Mr Price sought to challenge this decision. The French Conseil d’État rejected his arguments. Significantly, it also dismissed his application for a preliminary reference under art.267 Treaty on the Functioning of the European Union (“TFEU”).
Application to the CJEU
Following the dismissal of his domestic claim, Mr Price brought a new action for partial annulment of the Withdrawal Agreement and the decision taken by the Council to adopt it (GC judgment, §10).
Mr Price’s arguments are set out here. His main ground of challenge appears to centre on how the Withdrawal Agreement leads to a removal of EU citizenship for UK nationals “without exception‘ i.e. in an indiscriminate, blanket fashion, without regard to individual circumstances. As a long-standing French resident and local councillor, who had been in France for so long by the time of the 2016 Referendum that he was ineligible to vote in it, Mr Price appears to argue that he is in a very different position to other UK nationals without such strong ties to EU Member States.
Mr Price relies here on his right to non-discrimination on grounds of nationality (Article 18 TFEU); EU citizenship rights, including the right to move and reside freely across the EU (TFEU Articles 20 and 21); right to respect for private and family life (Article 7 of the Charter of Fundamental Rights (“CFR”); rights to vote and stand in European and municipal elections (Articles 39 and 40 CFR respectively); and general principles of EU law, such as proportionality, equality of treatment, and legitimate expectation.
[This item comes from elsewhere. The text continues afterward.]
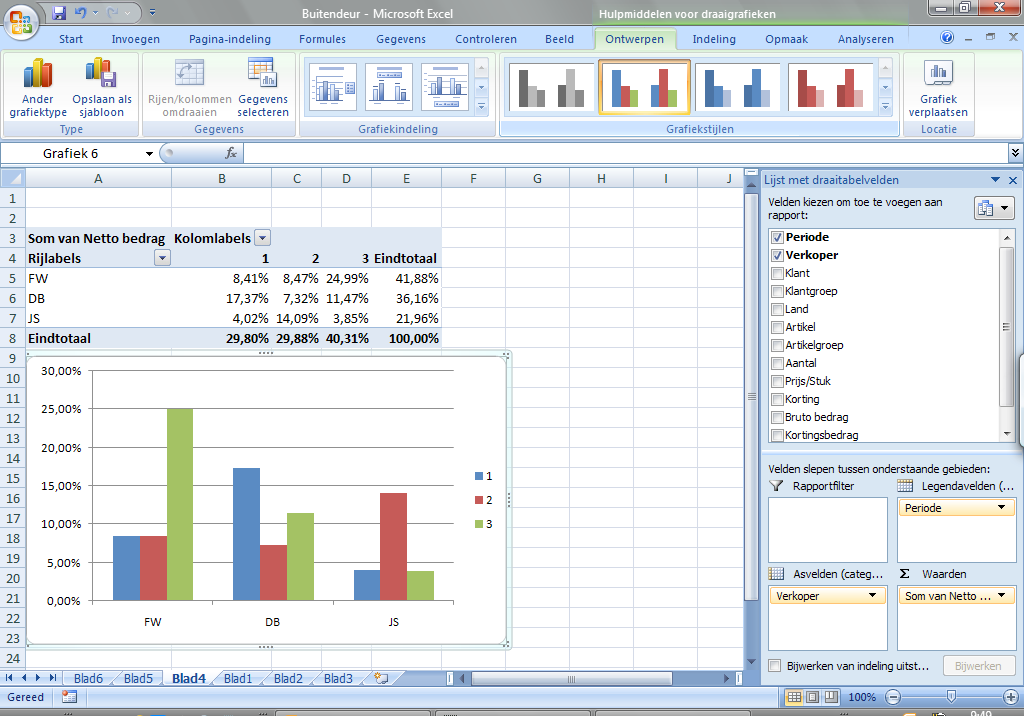 30 Excel in de financiële praktijk Een draaigrafiek van een draaitabel Je bouwt nu een grafiek op basis van een al bestaande draaitabel.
There is then a more specific point about the interpretation of Article 127(1) of the Withdrawal Agreement. It provides that “Union law shall be applicable to and in the United Kingdom during the transition period‘. This is, however, subject to certain exceptions, including (at Article 127(1)(b)) rights to vote and stand in European and municipal elections. The Conseil d’État relied heavily on this provision, concluding that it allows EU-27 Member States (who are not referred to in Article 127) to remove rights to vote and stand in elections before the end of the transition period. In reaching this finding, it relied on the fact that Article 127(1) must be deemed to be consistent with Article 12 of the Withdrawal Agreement, which prohibits “discrimination on grounds of nationality‘.
The General Court’s ruling
The ruling concerned Mr Price’s application for interim measures (his main application for annulment of relevant parts of the Withdrawal Agreement is still pending). He asked the General Court to do two things: refer various questions of law to the CJEU and partially suspend any sections of the Withdrawal Agreement prohibiting him from voting and running for in the elections (GC judgment, §11).
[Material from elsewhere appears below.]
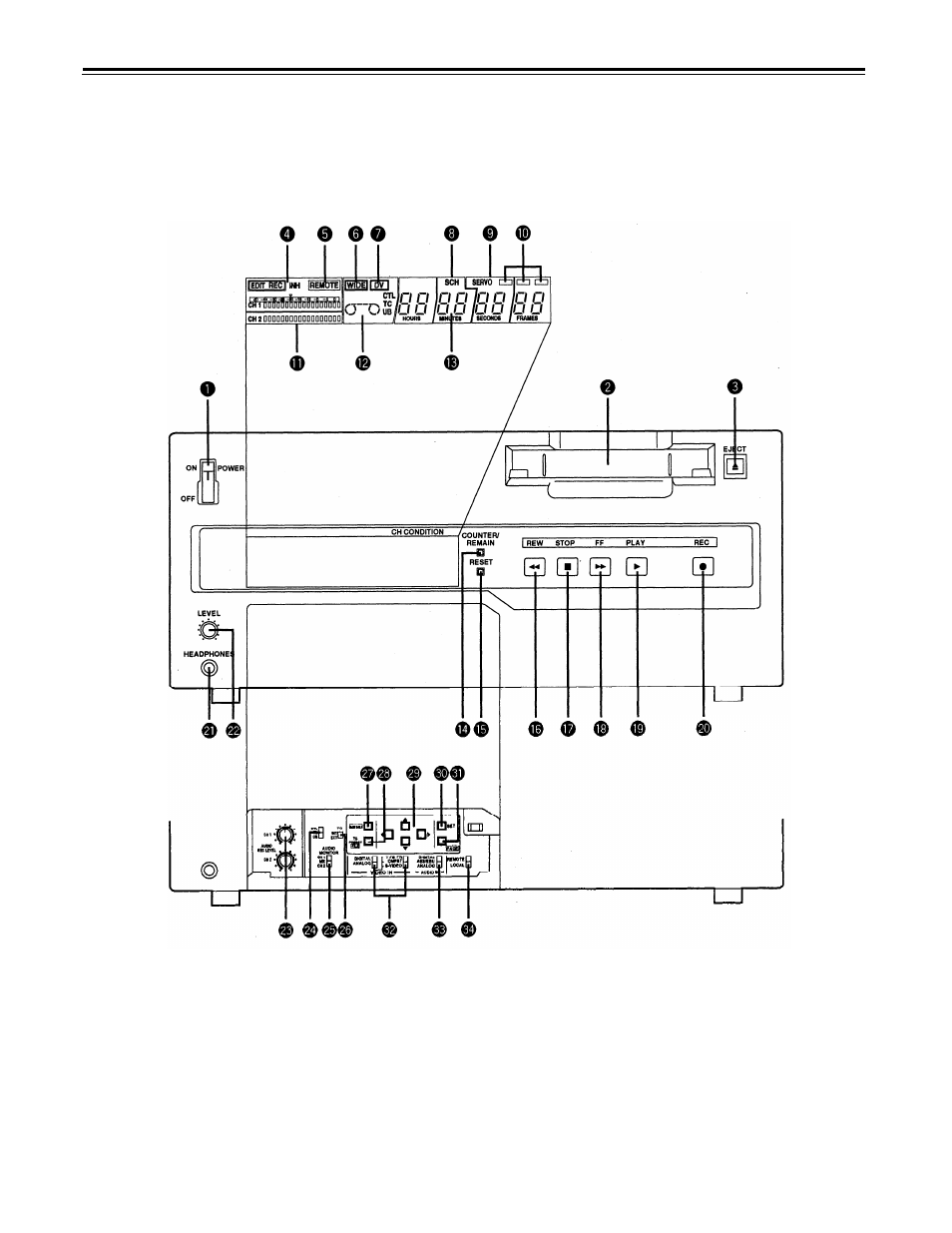 Controls and their functions, Front panel | Panasonic AJ-D650 User Manual | Page 6 / 65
In summary, the General Court rejected Mr Price’s case as inadmissible because it did not satisfy any of the gateways for bringing proceedings under the 4th paragraph of Article 263 TFEU. The Withdrawal Agreement could not be challenged as a regulatory act, as it entails national “implementing measures‘ – it was the French Interior Minister whose decision prevented Mr Price from voting and standing in the municipal elections (GC judgment, §§25-33). Nor did Mr Price fall within a “restricted circle’ of individuals,such that the conclusion of the Withdrawal Agreement was of “direct and individual concern‘ to him (GC judgment, §§34-45).
The General Court also rejected Mr Price’s request for a reference to the CJEU, on the basis that it was not a national court and did not have this power (§§47-51).
What next?
Mr Price still has a right of appeal to the CJEU against the General Court’s ruling and his main application is still pending. It has also been pointed out that there are two other pending cases on similar post-Brexit citizen rights issues (which, it would appear, are also direct applications). All three cases will have to overcome the challenging standing issues discussed above.
The difficulty in Mr Price’s case stemmed from the refusal of the domestic court to make a preliminary reference. UK nationals seeking clarity on these issues can only hope that another national court is minded to make a reference in a similar case at some point in the future (though, as the end of the transition is currently less than 6 months away, time is running out for determination of the Article 127 point).